How Did People Clean Themselves Before The Invention Of Soap?

One of the many unacknowledged benefits of life in the modern world is that for the most part, it doesn't stink. There are many factors that contribute to the dearth of offending odors in our lives — living in cities instead of near farms, underground sewers, regular municipal waste disposal — but more than anything else, we aren't subjected to our own (or other's) funk.
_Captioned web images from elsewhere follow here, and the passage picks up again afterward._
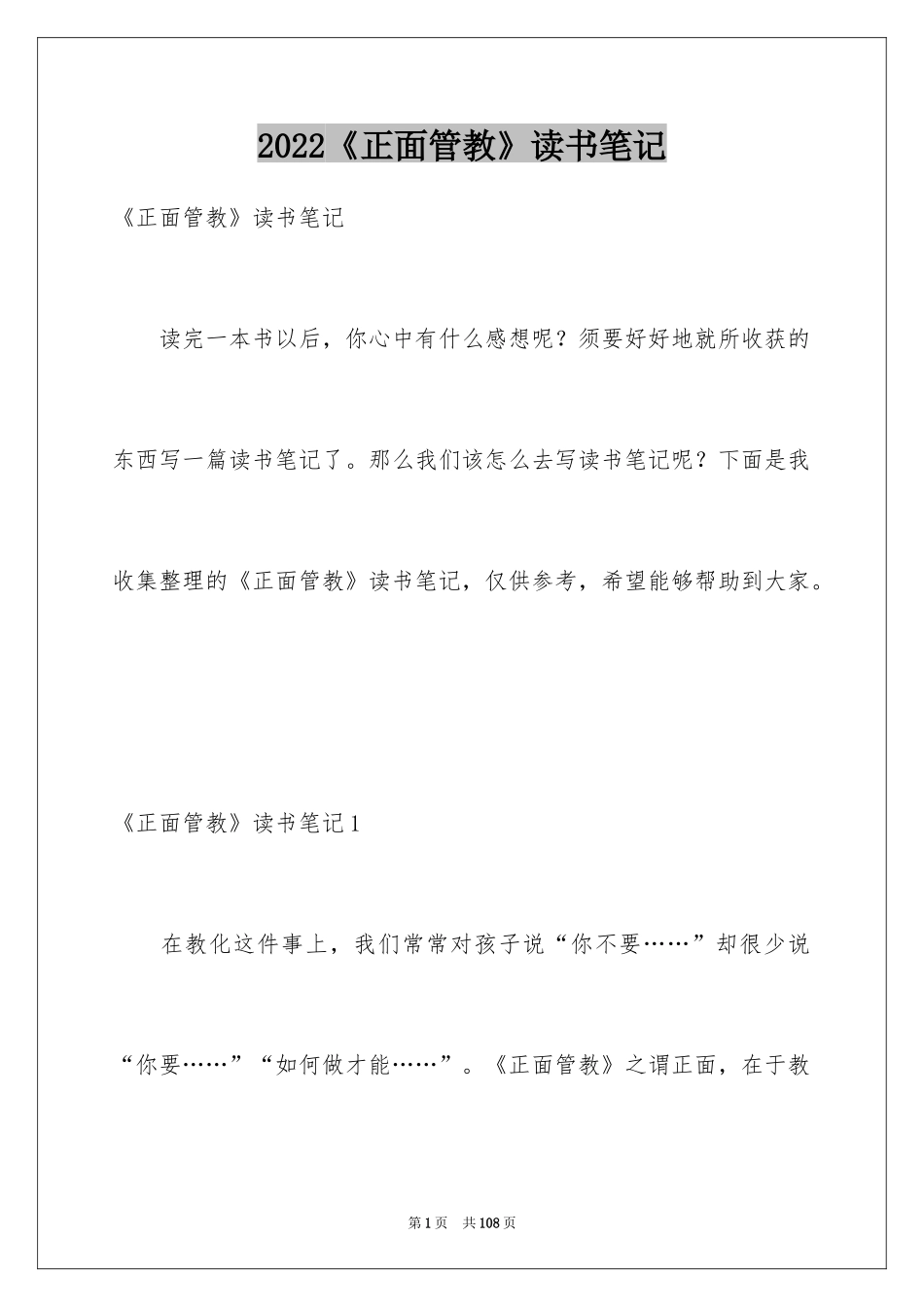 2024《正面管教》读书笔记_2_第1页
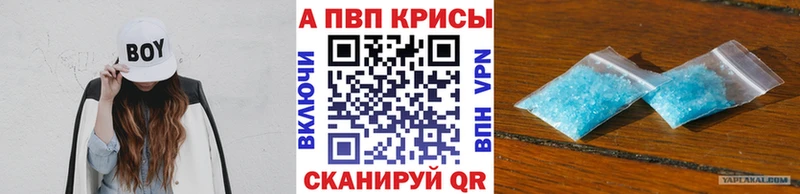 shop телеграм  MEGA как войти  Буй  А ПВП кристаллы 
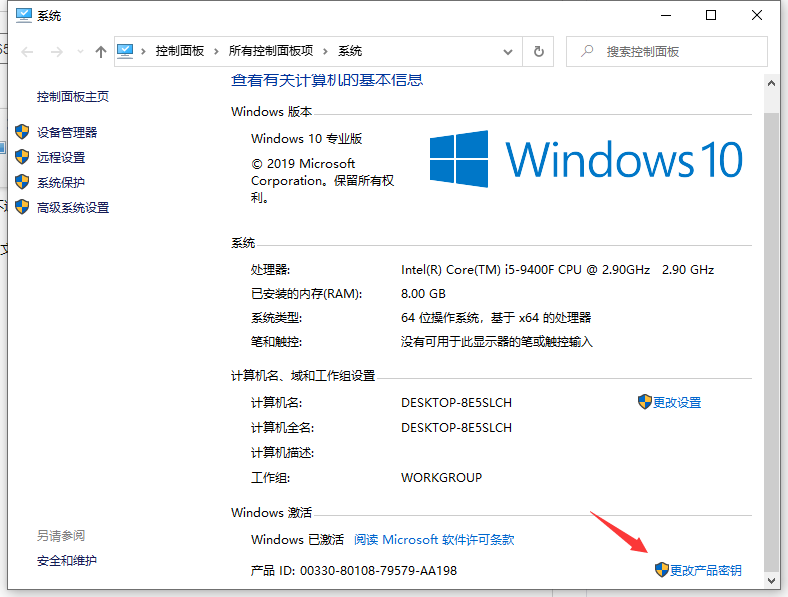 1613700207675814.png image.png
For this liberty from foul body odors we can give thanks directly to the proliferation of affordable soaps and detergents brought about by the rise of modern science. The availability and use of soap is so ubiquitous in our lives that we may not realize that our custom of regular bathing is a relatively recent phenomenon brought about by cheap cleaning products and the widespread availability of indoor plumbing (via Discover). But if all this washing and cleaning wasn't the norm before, what were people doing? How did we get clean before soap and plumbing were widely available?

Bath time

The most ancient way of getting clean is by taking a bath. If you're covered in dirt and grime, take a dip in the river or spring or ocean to rinse it off. As civilizations progressed, they took the bathing from the river and brought it inside. The earliest bath ever discovered (so far) was in the ancient ruins of Mohenjo-daro from around 2500 B.C. (via BBC).

The public baths of Greece and Rome are perhaps the best known baths of the ancient world. Unlike bathing today, which is a private affair, Greek and Roman bathing was typically public. At the height of their popularity, Roman bathing facilities had hot and cold pools, as well as saunas, gyms, and masseuses (via "Ancient Greek and Roman Bathing," posted at Medium).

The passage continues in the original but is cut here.